3. KNN Parameter Sweep¶

Optimal k=20-30 provides the best detection rate.

_knn_data = pd.DataFrame(
    [
        {"k": 3, "Val AUROC": 0.860, "Test AUROC": 0.862, "DR@1%": 0.075},
        {"k": 5, "Val AUROC": 0.870, "Test AUROC": 0.873, "DR@1%": 0.078},
        {"k": 10, "Val AUROC": 0.880, "Test AUROC": 0.877, "DR@1%": 0.080},
        {"k": 20, "Val AUROC": 0.889, "Test AUROC": 0.881, "DR@1%": 0.090},
        {"k": 25, "Val AUROC": 0.891, "Test AUROC": 0.882, "DR@1%": 0.097},
        {"k": 30, "Val AUROC": 0.893, "Test AUROC": 0.883, "DR@1%": 0.103},
    ]
)

_fig, _ax1 = plt.subplots(figsize=(7, 4))
_ax1.plot(
    _knn_data["k"],
    _knn_data["Test AUROC"],
    "o-",
    color="#3498db",
    linewidth=2,
    label="Test AUROC",
)
_ax1.set_xlabel("k (neighbors)")
_ax1.set_ylabel("AUROC", color="#3498db")
_ax1.tick_params(axis="y", labelcolor="#3498db")
_ax1.set_ylim(0.85, 0.90)

_ax2 = _ax1.twinx()
_ax2.bar(
    _knn_data["k"] - 0.4,
    _knn_data["DR@1%"],
    width=0.8,
    color="#e74c3c",
    alpha=0.6,
    label="DR@1%",
)
_ax2.set_ylabel("DR@1%", color="#e74c3c")
_ax2.tick_params(axis="y", labelcolor="#e74c3c")

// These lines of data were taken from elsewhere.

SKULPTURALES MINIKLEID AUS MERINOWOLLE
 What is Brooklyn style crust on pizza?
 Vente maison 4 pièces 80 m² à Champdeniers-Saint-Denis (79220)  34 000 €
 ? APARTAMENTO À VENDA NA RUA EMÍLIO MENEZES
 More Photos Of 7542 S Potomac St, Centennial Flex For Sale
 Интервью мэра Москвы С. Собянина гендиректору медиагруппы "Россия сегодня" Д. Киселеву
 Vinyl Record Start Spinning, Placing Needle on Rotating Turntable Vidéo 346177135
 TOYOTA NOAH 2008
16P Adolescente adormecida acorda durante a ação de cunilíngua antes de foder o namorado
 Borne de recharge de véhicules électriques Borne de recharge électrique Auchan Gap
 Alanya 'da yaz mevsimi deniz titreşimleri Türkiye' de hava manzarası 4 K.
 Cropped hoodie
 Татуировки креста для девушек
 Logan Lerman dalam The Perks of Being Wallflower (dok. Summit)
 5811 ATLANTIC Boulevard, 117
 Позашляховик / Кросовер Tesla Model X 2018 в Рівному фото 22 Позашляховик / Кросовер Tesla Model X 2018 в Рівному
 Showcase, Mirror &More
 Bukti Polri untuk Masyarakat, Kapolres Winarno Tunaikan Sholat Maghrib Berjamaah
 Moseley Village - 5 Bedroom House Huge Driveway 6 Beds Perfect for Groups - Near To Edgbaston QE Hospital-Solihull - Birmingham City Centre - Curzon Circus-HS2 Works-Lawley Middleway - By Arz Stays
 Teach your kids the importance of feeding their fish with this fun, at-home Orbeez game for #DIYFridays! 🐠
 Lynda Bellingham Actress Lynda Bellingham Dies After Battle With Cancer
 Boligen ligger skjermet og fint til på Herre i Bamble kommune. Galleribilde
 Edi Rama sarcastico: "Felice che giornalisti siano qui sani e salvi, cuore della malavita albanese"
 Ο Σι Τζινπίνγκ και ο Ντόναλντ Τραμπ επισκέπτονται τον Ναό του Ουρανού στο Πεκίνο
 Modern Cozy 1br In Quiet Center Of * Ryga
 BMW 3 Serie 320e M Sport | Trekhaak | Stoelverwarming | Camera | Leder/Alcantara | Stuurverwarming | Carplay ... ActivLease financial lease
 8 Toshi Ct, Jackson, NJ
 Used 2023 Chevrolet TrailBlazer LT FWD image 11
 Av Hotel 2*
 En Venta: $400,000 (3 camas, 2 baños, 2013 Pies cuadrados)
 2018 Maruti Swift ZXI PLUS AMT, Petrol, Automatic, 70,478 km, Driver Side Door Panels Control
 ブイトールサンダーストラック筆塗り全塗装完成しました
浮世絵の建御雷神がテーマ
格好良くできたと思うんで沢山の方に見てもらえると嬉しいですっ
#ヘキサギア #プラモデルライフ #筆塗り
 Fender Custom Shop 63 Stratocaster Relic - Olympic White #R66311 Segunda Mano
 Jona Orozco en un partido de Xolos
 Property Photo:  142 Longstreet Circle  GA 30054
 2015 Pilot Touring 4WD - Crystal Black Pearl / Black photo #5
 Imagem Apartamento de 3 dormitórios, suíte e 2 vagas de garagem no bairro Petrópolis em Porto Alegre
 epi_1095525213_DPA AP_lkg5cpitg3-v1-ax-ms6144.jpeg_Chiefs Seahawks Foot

_lines1, _labels1 = _ax1.get_legend_handles_labels()
_lines2, _labels2 = _ax2.get_legend_handles_labels()
_ax1.legend(_lines1 + _lines2, _labels1 + _labels2, loc="lower right")
_ax1.grid(alpha=0.3)
_ax1.set_title("KNN Parameter Sweep")
plt.tight_layout()
_fig

4. BERT vs SetFit Comparison¶

SetFit dominates on few-shot tasks — higher accuracy, 17x less memory, 1.68x faster inference.

_compare = pd.DataFrame(
    {
        "Metric": [
            "Training Time (s)",
            "Peak Memory (MB)",
            "Inference Throughput (/s)",
            "Accuracy",
        ],
        "SetFit": [41.26, 32.06, 1671, 100.0],
        "BERT (distilbert)": [13.20, 545.11, 998, 88.0],
    }
)

mo.ui.table(_compare, label="SetFit vs BERT (10 entities, 50 samples/entity)")

_metrics = ["Memory (MB)", "Throughput (/s)", "Accuracy (%)"]
_setfit_vals = [32.06, 1671, 100.0]
_bert_vals = [545.11, 998, 88.0]
_x = range(len(_metrics))
_fig, _ax = plt.subplots(figsize=(7, 4))
_w = 0.35
_ax.bar([p - _w / 2 for p in _x], _setfit_vals, _w, label="SetFit", color="#2ecc71")
_ax.bar([p + _w / 2 for p in _x], _bert_vals, _w, label="BERT", color="#e74c3c")
_ax.set_xticks(list(_x))
_ax.set_xticklabels(_metrics)
_ax.legend()
_ax.set_title("SetFit vs BERT")
plt.tight_layout()
_fig

5. Speed Benchmarks¶

Zero-shot achieves ~50K qps while trained modes run at ~30 q/s.

_speed = pd.DataFrame(
    {
        "Route": [
            "sync.match.bulk",
            "async.match_batch_async",
            "sync.match.single",
        ],
        "zero-shot (qps)": [49670, 34530, 27807],
        "head-only (qps)": [104, 84, 44],
        "full (qps)": [104, 90, 48],
    }
)
mo.ui.table(_speed, label="Throughput by Mode and Route (products_mcc)")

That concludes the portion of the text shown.